Ausgetrockneter Spiegelsee auf der Reiteralm
picturedesk.com/Martin Huber
Anhaltende Trockenheit

Banges Warten auf den Regen

Das Jahr ist bisher nicht nur ungewöhnlich heiß, sondern auch sehr trocken gewesen. In vielen Regionen gab es bis zu 50 Prozent weniger Niederschlag als im langjährigen Vergleich. Vor allem die Landwirtschaft leidet unter der anhaltenden Trockenheit, Bergseen trocknen aus, stellenweise ist sogar die Trinkwasserversorgung betroffen. Sollte die Trockenheit anhalten, könnte das bereits jetzt Auswirkungen auf nächstes Jahr haben.

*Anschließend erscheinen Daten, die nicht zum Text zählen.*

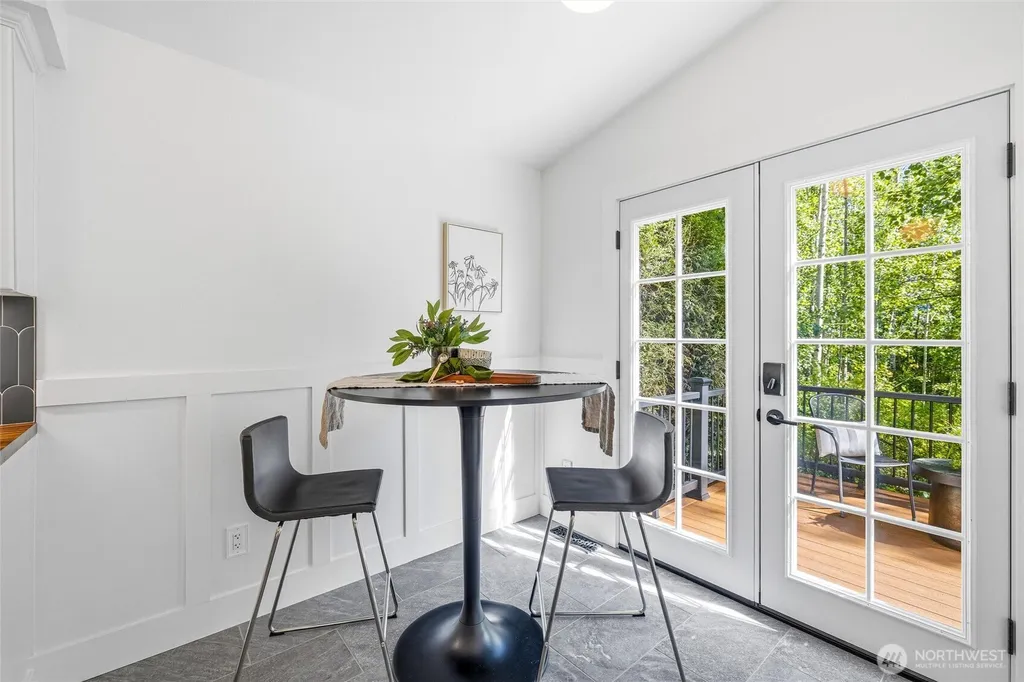 1531 Fruitland Drive Bellingham WA 98226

Vor allem nördlich des Alpenhauptkamms ist die Situation dieses Jahr besonders gravierend. Von Jänner bis Oktober gab es in diesen Regionen eine „unterdurchschnittliche Niederschlagsmenge“, so Alexander Orlik von der Zentralanstalt für Meteorologie und Geodynamik (ZAMG) gegenüber ORF.at.

Besonders betroffen waren Oberösterreich, der Westen Niederösterreichs und Vorarlberg – dort gab es „um die 50 Prozent“ weniger Niederschlag als im langjährigen Mittel, dem Messzeitraum zwischen 1981 und 2010, so Orlik. Doch auch in Nordtirol sowie östlich des Wald- und Mostviertels gab es rund 20 bis 25 Prozent weniger Niederschlag.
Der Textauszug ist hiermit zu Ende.